The Wooden Horse plan itself was previously thought to be conceived and entirely thought through by Williams and Michael Codner in equal measures. In Oliver Philpot's later book, The Stolen Journey, the author made it clear that he initially thought the plan was "crackers", telling its inventors "I give it a couple of days!" Nevertheless Philpot helped with the sand dispersal and later with the actual digging – at which point he was invited to take part in the escape.

However it has been argued that Flt Lt Dominic Bruce (the 'Medium Sized man') and Squadron Leader Peter Tunstall were the original innovators of the wooden-horse-escape technique. Along with Eustace Newborn and Peter Tunstall, Bruce came up with the escape plan now known as "the Swiss Red Cross Commission" at his previous camp (Oflag IX-A/H) at Spangenberg Castle. Tunstall wrote that in 1941, prior to him and Bruce planning an escape with the famed 'Swiss Red Cross Commission', he and Bruce had been digging an escape route with a wooden horse tunnel from inside the gymnasium, the wooden horse being placed roughly four feet from the wall that separated the gym from the moat. The digging was a very slow process. It required the removal of spoil, bricks and stonework and was aided by other prisoners distracting the guards. They were later joined by Douglas 'Sammy' Hoare and a syndicate who were promised a second go if they escaped undiscovered. Other members of this syndicate were also named as Harry Bewlay, John Milner and Eustace Newborn.

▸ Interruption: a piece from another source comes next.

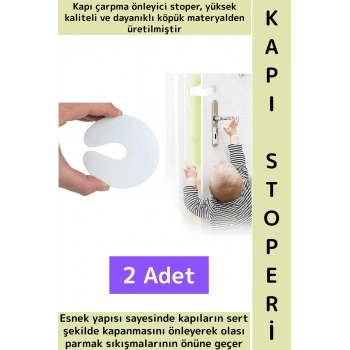 Dayanıklı Esnek Ev Çocuk Odası Çekmece Dolap Çarpma Darbe Gürültü Önleyici Köpük Kapı Stoperi 2 Adet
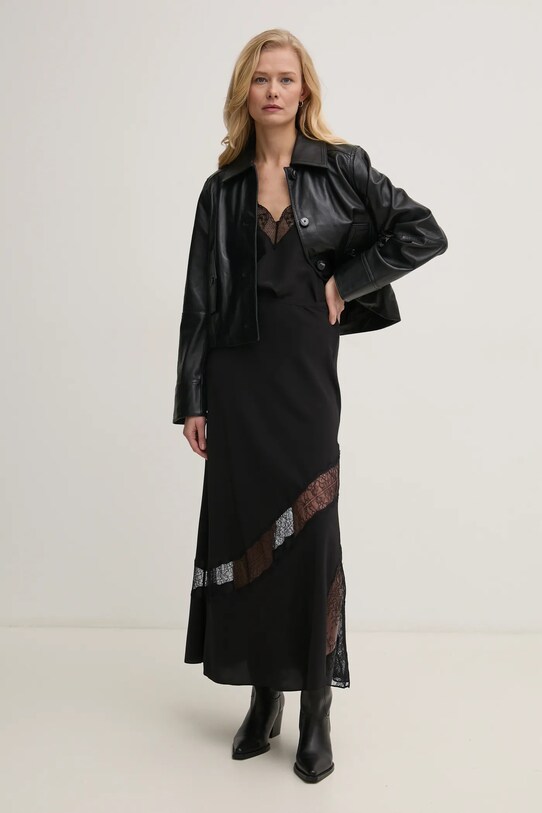 Svilena suknja ZADIG&VOLTAIRE WWSK00364.19W.001 crna SS25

When Bruce and Tunstall noted the slow process they began examining the rest of the castle and left the digging to the other team involving Sammy Hoare. The tunnel almost reached completion but unfortunately the digging team got caught when a guard become suspicious at the large stones that were accumulating outside the gym. The guard called a search and found the escape tunnel. When the guards found the shaft they held an Appell and Hauptmann Schmidt confidently stated to the prisoners, "It is impossible to escape by tunnel or any other way."

This wooden horse gym escape tunnel was two years prior to the famed Sagan wooden horse escape. Tunstall stated that he would like to think some of the watchers and workers who helped on their original wooden horse escape may have mentioned it from time to time and would like to think that their idea contributed to the success of the effort at Sagan.